As I have mentioned several times, one of the things I have most admired about the Jesus Seminar is that they have a commitment to bringing critical scholarship to non-professionals. Beyond their particular conclusions or methods as individuals or as a group, their commitment to educating the public should be praised by all.
These days, I find a great number of biblical scholars and Christian origins scholars blogging. As a minister, I thank you all for doing this. Here are a few blogs I check out on occasion.
Biblioblogs. This provides a list of some bibliobloggers as well as interviews with these blogging scholars. As far as particular bloggers I find interesting:
Mark Goodacre. He also keeps up New Testament Gateway, a resource for links to New Testament scholarship.

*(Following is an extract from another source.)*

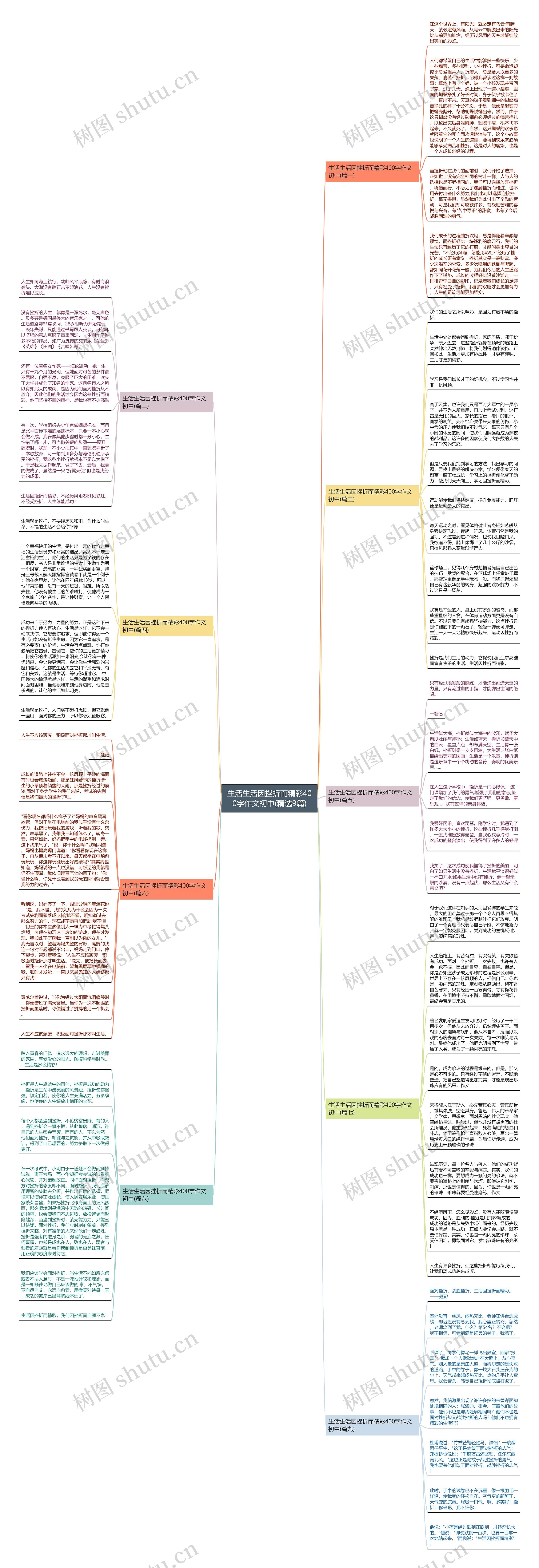 生活生活因挫折而精彩400字作文初中(精选9篇)思维导图高清图 生活生活因挫折而精彩400字作文初中(精选9篇)思维导图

April DeConick. She writes about the other texts "the forbidden gospels." I especially enjoy her apocryphotes of the day.

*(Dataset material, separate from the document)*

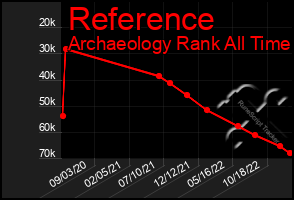Total Graph of Reference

Jim West. He blogs about all kinds of things including blogging about blogging. Check this essay in Bible and Interpretation. He keeps the amusing Guild of Biblical Minimalists.
NT Wrong. The mysterious Bishop Wrong is hilarious. He takes on the apologists among other wrong-headed ideas.

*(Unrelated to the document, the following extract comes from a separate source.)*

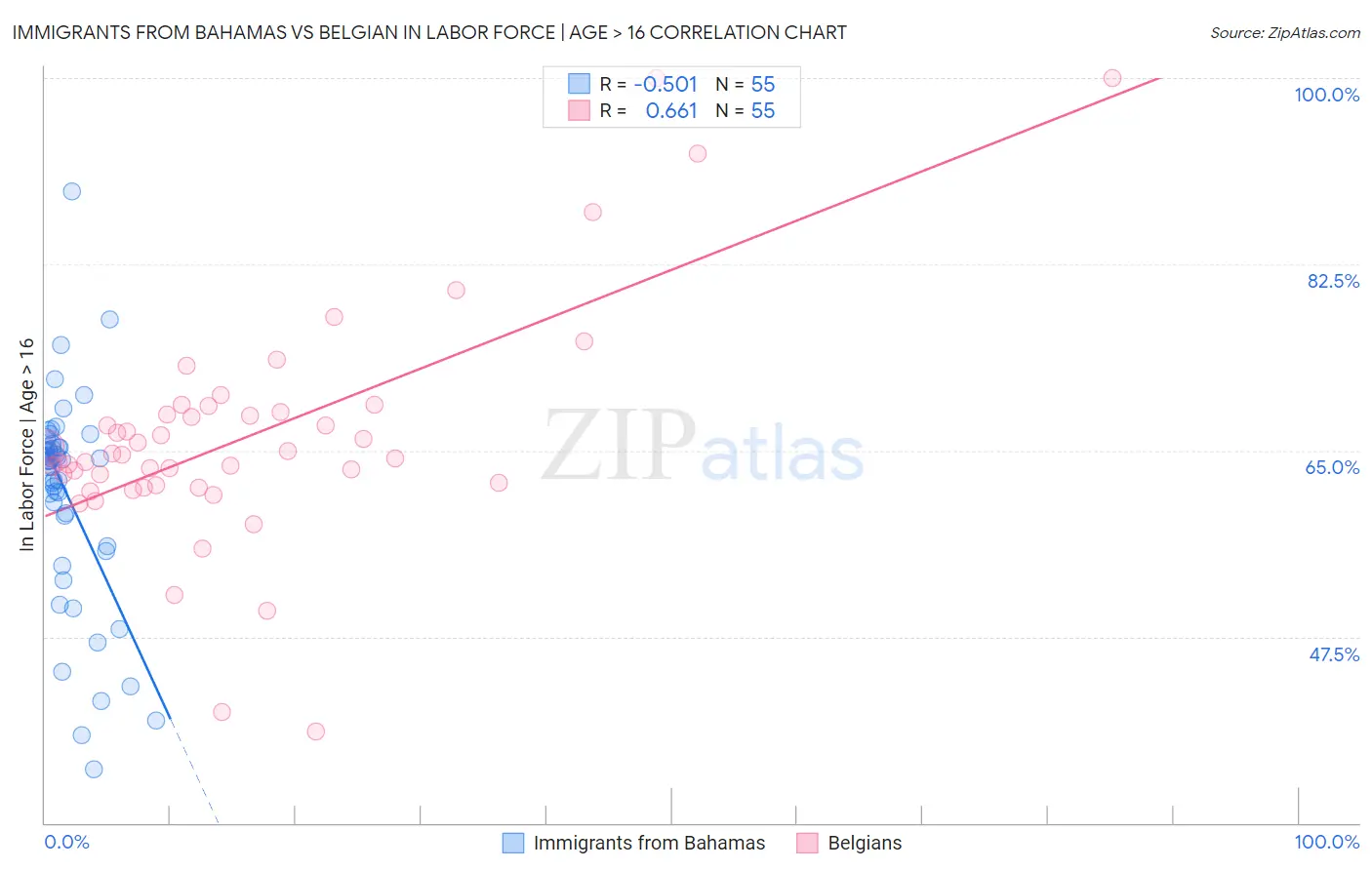 Immigrants from Bahamas vs Belgian In Labor Force | Age > 16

James McGrath. He also writes about a lot of different things, especially science and religion. His colleague at Butler is Michael Zimmerman, founder of Evolution Weekend.
James Crossley. He became my favorite when a Presbyterian colleague thought his book, Why Christianity Happened was too heretical to be published by our denomination's publishing house.
There are more than these who I haven't even checked out yet. This post is about blogs. But there are also a number of websites that are helpful in regards to biblical scholarship. I will link to some here and on my Bible and Jive blog.
Thanks you bibliobloggers! I appreciate ya!